• SOURCE MATERIAL
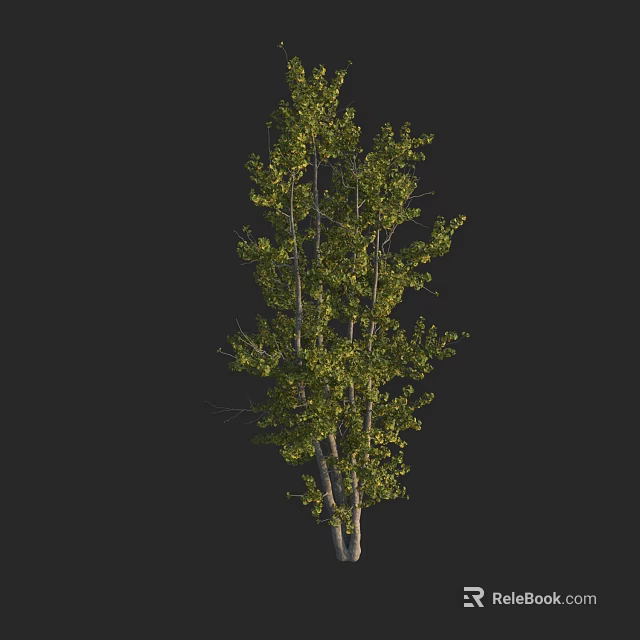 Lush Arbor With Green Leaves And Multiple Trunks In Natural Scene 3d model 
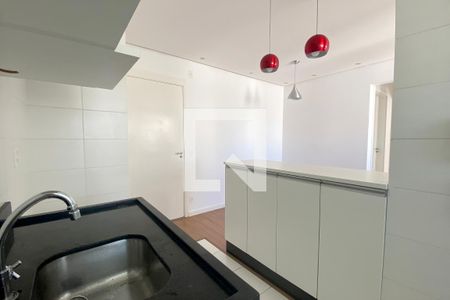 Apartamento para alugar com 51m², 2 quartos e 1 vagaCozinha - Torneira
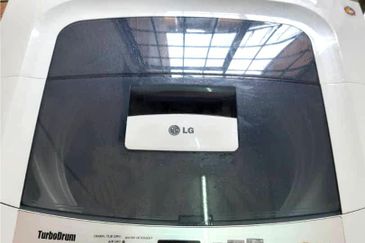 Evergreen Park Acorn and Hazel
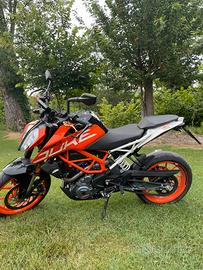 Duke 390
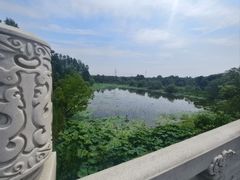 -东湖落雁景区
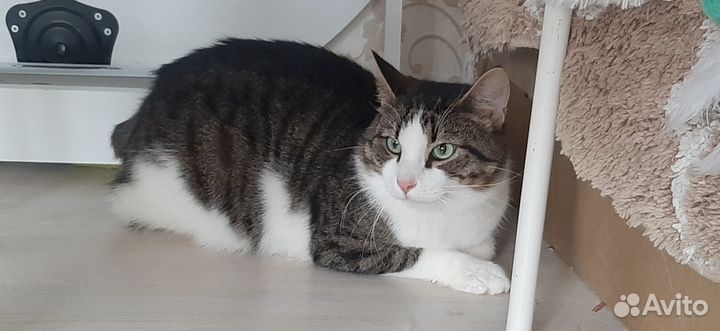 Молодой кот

• DIRECTIONS FOR THIS TASK
Please print exactly the lines running from the line with "Evergreen Park Acorn and Hazel" through the final line of the material, and nothing more. Keep pictures out.

• OUTPUT
 Evergreen Park Acorn and Hazel
 Duke 390
 -东湖落雁景区
 Молодой кот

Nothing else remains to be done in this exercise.